Functionalities of KNIME text processing


#1

Hello,
I am starting a new project and I am looking for the solution which could be the most suitable for it. I started to build some small processes with KNIME and the text processing extension.
Now, I would like to know if the following functionnalities are possible with this solution :

  1. Associate and count more than two words : I used the node called “Co-occurence counter” which count how many times appears 2 associated word. Now I would like to know if there is a node which allows to count the association of more than two words like “Knime Text Processing”

  2. Is there a node to work with synonymous

  3. A dictionnary node ? To detect specified word and excludes specific ones.

  4. A node which recognize dates format ?

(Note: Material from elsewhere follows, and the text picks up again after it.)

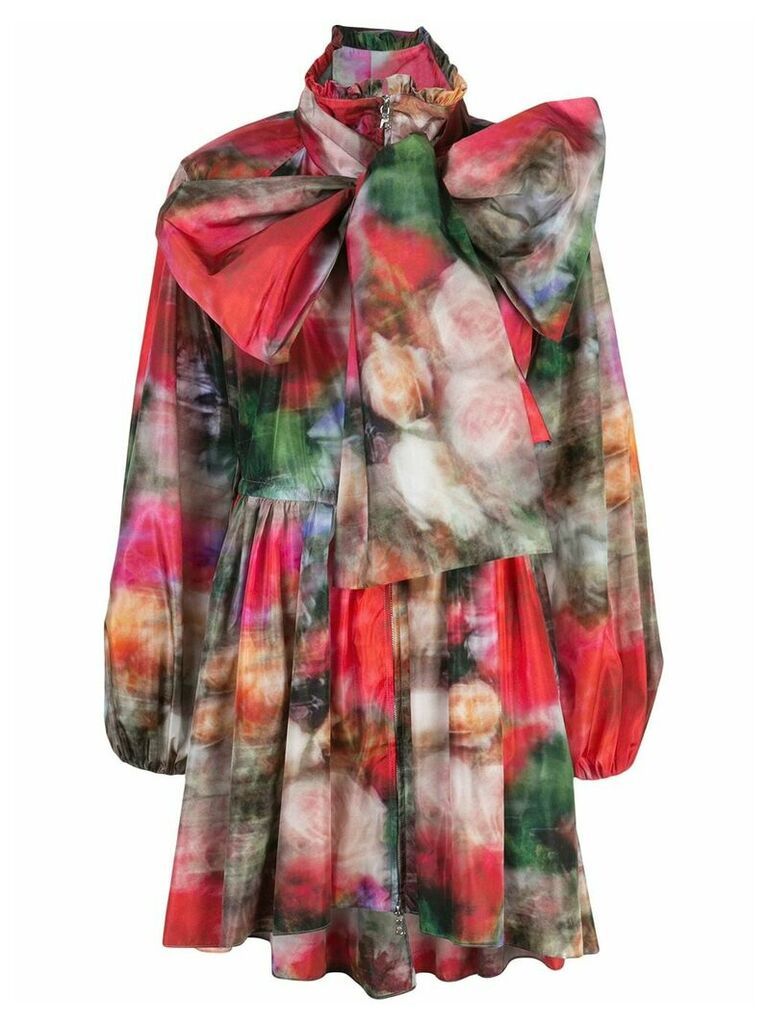 Adam Lippes floral print pussy bow coat - Multicolour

  5. Navigate in the document by clicking on the result word set

  6. Finally, is it possible to have an end user interface, I mean to build it in that way non IT people could use it by navigating in the document

Thanks a lot !

Sabine


#2

Hello Sabine,

This can be done with the NGram Creator node. It creates all possible n-grams for your given n and counts the occurrences on document and sentence level.

Currently, there is no node for this task. If you want to get synonyms for terms within your document for example from WordNet, you could try to get information with help of the Palladian nodes and query the words for which you want to have the synonyms. There has already been a question about this in our previous forum.
If you want to mine similar words within your documents, you could give this blog post a look.

To detect words coming from a dictionary, you could use the Dictionary Tagger node. It tags terms that have been found within your documents with a specific tag that you can set in the node dialog. Afterwards, you can create a bag of words to see which words are included in your documents.
To exclude words, you could use the Stop Word Filter node. It also uses a dictionary and removes all words contained in the dictionary from your documents. There are also some predefined stop word lists that you can use.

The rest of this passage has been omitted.